Quando há quatro anos, nesta mesma sala, foi lida a proclamação da República Portuguesa, ficou formulado o princípio fundamental de onde derivam todos os poderes do Estado — a soberania nacional, postergada sempre pela frase «da graça de Deus», com que as dinastias mascararam o seu poder pessoal absoluto. Reivindicaram esse princípio as revoluções de 1640, 1820, 1836, sempre desvirtuadas pelos seus mandatários. Na sua essência, a revolução de 5 de Outubro de 1910 foi essa reivindicação, tendo como consequência imediata a fundação da República; e, para que a revolução não fracassasse como as anteriores, deu-se ao título da República, que abrange muitas modalidades de instituições, a forma nítida, iniludível da República Democrática Parlamentar. Como esta base estável não foi suficientemente compreendida, as novas instituições sofreram diversas vicissitudes e, ultimamente, a de uma ditadura de feição imperialista absolutamente repugnante às aspirações do país.
Esquecera por completo a fundação de 5 de Outubro de 1910 e, para salvá-la, deu-se o conflito violento de 14 de Maio de 1915.
São dois momentos históricos que se completam, integrando-se em uma época nova que há-de ser fecunda pelo sacrifício de um milhar de desinteressadas vítimas que cimentaram com o seu sangue a República Portuguesa.
Que se segurem as mãos dos que tocaram irreverentemente na área santa das nossas liberdades. Que todo o cidadão elevado à Presidência da República se considere um magistrado, tendo por escopo o acatamento da soberania nacional e assistindo com interesse e amor, mas sem intervenção ilegítima, ao normal funcionamento do regime democrático parlamentar.
Nenhuma função mais difícil do que manter a harmonia dos poderes do Estado, e sua mútua independência e coexistência. Feliz quem, sob a sua chefatura, conseguir alcançar esta energia que realiza a ordem como condição do progresso.

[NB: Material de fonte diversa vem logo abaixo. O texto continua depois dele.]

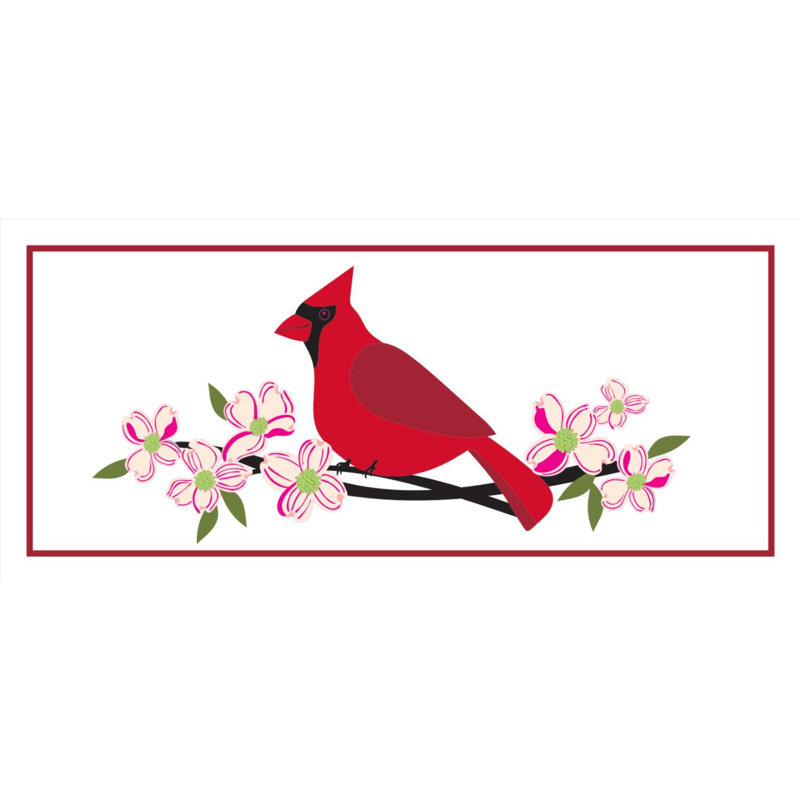 Paillasson Spring Holiday Classic Cardinal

Portugal já não é um país confinado no extremo ocidente; é um elemento desta civilização heleno-latina que a Renascença incorporou no mundo moderno com vinte séculos de cultura. Vivemos nesta espécie de solidariedade humana que corrige os excessos do egoísmo humano. Um outro equilíbrio europeu tem de fundar-se, conduzindo ao estabelecimento duma paz milenária.
A política externa de Portugal deriva completamente da sua situação geográfica; ela solidarizou-se com a Europa, quando combatia o imperialismo da Espanha no século XVII e quando no século XIX desmoronava o imperialismo napoleónico; ela nos fará cooperar na actividade mundial dos grandes Estados com apoio no Atlântico.
Apresentando estes dois aspectos da política interna e externa da nação portuguesa, deles se deduz um plano de Governo. E, ao proferir as palavras de compromisso de honra, desta hora em diante só aspiro a que, ao regressar dignamente ao lar, se possa dizer: «Cumpriu o que prometeu; guiou-se pelo bom senso e pelo desinteresse».